* **Assignment**: Nothing but the lines from the line with "Succulent with long" to the end of the records below should appear in the answer, each exactly as given.
+-------+
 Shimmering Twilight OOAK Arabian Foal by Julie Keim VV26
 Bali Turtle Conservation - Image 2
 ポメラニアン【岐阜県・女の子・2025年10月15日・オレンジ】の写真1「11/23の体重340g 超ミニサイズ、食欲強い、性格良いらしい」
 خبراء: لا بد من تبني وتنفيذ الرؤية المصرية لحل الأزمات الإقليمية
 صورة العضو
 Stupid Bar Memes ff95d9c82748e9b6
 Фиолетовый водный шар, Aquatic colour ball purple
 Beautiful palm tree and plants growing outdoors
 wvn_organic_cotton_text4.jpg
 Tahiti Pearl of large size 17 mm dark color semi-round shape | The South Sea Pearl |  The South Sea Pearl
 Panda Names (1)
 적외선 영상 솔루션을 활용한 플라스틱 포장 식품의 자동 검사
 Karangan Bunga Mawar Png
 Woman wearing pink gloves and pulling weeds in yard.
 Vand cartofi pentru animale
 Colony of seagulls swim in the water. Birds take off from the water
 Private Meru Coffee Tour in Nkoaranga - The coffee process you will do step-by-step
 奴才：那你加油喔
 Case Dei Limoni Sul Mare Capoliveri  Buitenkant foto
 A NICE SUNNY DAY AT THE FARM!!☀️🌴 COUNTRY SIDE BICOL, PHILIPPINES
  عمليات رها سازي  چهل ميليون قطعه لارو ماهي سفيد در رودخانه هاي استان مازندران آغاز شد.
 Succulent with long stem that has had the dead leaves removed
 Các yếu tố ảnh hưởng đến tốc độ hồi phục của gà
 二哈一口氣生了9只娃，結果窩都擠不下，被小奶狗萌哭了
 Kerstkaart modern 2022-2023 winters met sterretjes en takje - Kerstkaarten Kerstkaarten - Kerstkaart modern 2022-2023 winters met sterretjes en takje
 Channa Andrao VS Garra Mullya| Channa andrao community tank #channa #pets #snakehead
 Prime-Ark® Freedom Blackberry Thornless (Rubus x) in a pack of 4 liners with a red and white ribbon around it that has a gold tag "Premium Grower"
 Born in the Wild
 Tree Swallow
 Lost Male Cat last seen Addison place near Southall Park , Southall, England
+-------+
* **Written answer**:
 Succulent with long stem that has had the dead leaves removed
 Các yếu tố ảnh hưởng đến tốc độ hồi phục của gà
 二哈一口氣生了9只娃，結果窩都擠不下，被小奶狗萌哭了
 Kerstkaart modern 2022-2023 winters met sterretjes en takje - Kerstkaarten Kerstkaarten - Kerstkaart modern 2022-2023 winters met sterretjes en takje
 Channa Andrao VS Garra Mullya| Channa andrao community tank #channa #pets #snakehead
 Prime-Ark® Freedom Blackberry Thornless (Rubus x) in a pack of 4 liners with a red and white ribbon around it that has a gold tag "Premium Grower"
 Born in the Wild
 Tree Swallow
 Lost Male Cat last seen Addison place near Southall Park , Southall, England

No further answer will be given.